Rabbi Shlomo Carlebach passed away 26 years ago but his teachings, stories, and poems continue on all over the world. On the anniversary of his passing about a month ago, a Shlomo Kumzitz was broadcast in his honor.

Singer Yehuda Katz, one of the organizers of the evening, was excited to hear about the thousands who participated in the evening held in memory of R. Shlomo and the love and closeness they felt for him on this evening.

In light of this, Katz and his friends decided to rebroadcast the evening this coming Saturday night, in honor of Hanukkah and in honor of Rabbi Shlomo Carlebach and those who wish to feel connected to him, even 26 years after his death.

Event pruducer Bob Stark told Arutz Sheva: "Shlomo obviously had a profound effect, and continues to have a profound effect, on the way in which we express ourselves spiritually, in davening, just in term of closing one's eyes and listening to his melodies.

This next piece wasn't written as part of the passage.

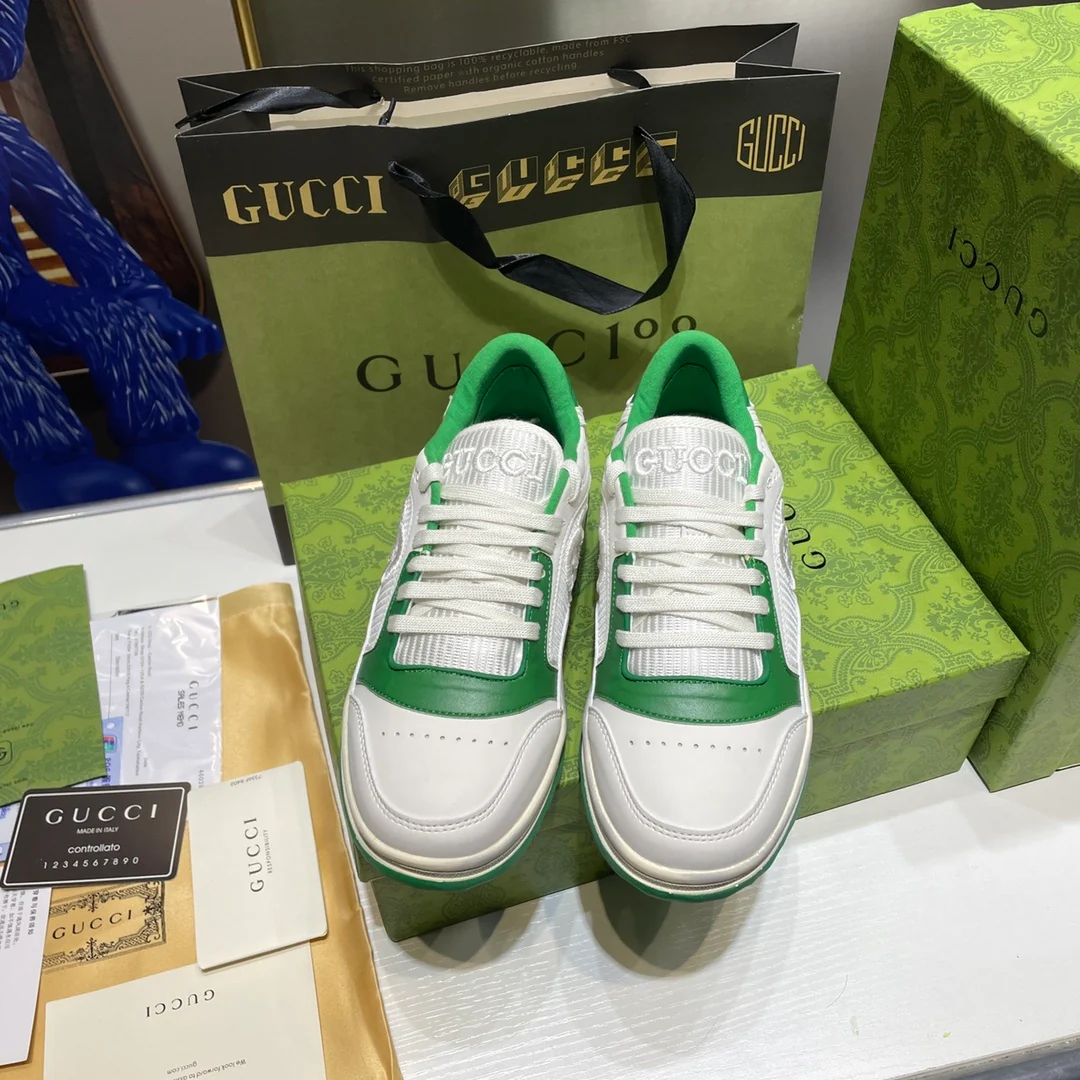 Early spring casual sports shoes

"His greatness, which is linked to his music and his Torah, deserves being celebrated on his date of birth, as well as a memorial on his yohrtzeit."

Stark told Arutz Sheva that the kumzitz is part of the activities of the project called Motzash Live to say farewell to Shabbat: "It was part of activities Yehuda Katz and I started a few years ago," said Stark. "The idea is to use music to reach spiritual empowerment. Saturday night gatherings are less 'popular' than receiving the Shabbat on Friday night, but there are opinions that Shabbat observance is not complete without the unique observance when Shabbat closes."

"I was privileged to be a real student and good friend of R. Shlomo Carlebach for 22 years," Yehuda Katz said in a conversation with Arutz Sheva. "I know how much his music, way of life, and Torah influenced me, so this year I wanted to establish an evening that would be really R. Shlomo."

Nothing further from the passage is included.